Favorite Travel Quotes

"Travel is fatal to prejudice, bigotry, and narrow-mindedness, and many of our people need it sorely on these accounts."
-- Mark Twain
Innocents Abroad

"Stop worrying about the potholes in the road and celebrate the journey." -- Fitzhugh Mullan

"A good traveler has no fixed plans and is not intent on arriving." -- Lao Tzu

In and Around Vieux Québec—By Bicycle, Almost Speaking French

With Kayaks, Mountain bikes, Backpacks, Daypacks, Walking Sticks, Fishing Poles—and an Airstream Travel Trailer

©Bert Gildart


Yesterday, Janie’s day was complete when two Frenchman greeted her with words of praise:“Bonjour, mi petite Cher. Commot talle vous? ” said the first in French. Then switching quickly into English, he repeated, “Hello, my beautiful young lady. How are you today?”

He added more, but with even greater emphasis, “We in Québec want you to know how happy we are that you are our neighbor.”

The Frenchman was a much older man, perhaps in his mid 70s. Like us, he was out for a day’s exploration, riding his bicycle. He explained in perfect English that he was a retired doctor and elaborated a bit on the celebration Québec will be holding in the year 2008—the 400 year anniversary of this city.
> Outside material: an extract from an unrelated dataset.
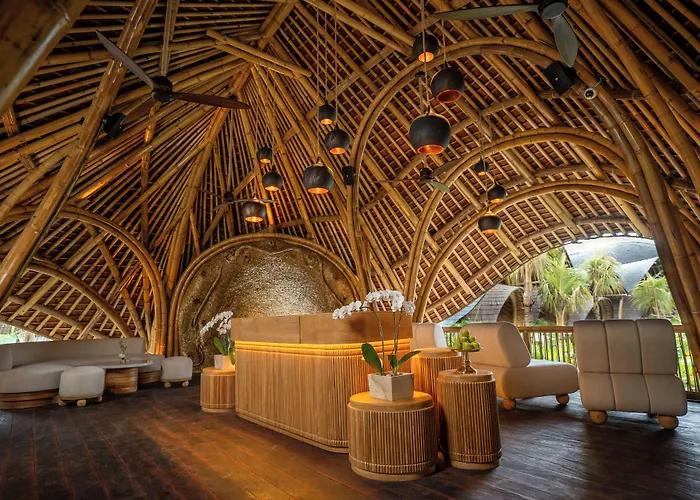 Bambootel Sawah View 5* تيغالالانغْ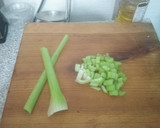 Foto del paso 1 de la receta: Tostadas de salpicón de surimi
He said the huge structure we had just ridden by was for storing grain about to be shipped, but that in the year 2008, the side of the huge structure will be the screen on which continuous movies will be shown depicting the history of Québec from its founding in 1608 to the present.

That, of course, will be just a small component in the huge celebration that will begin in January of 2008. And, for us, it was just a small part of our day spent riding bicycles—learning more about Québec, the reasons French is spoken in Québec, and making Janie available for further French compliments, which she continued to receive. Our bicycle trail also linked with a highly recommended park, and though it was 18 miles away, we elected to make our day a long one, and were glad we did. The park is known as the Parc de la Chute Montmorency.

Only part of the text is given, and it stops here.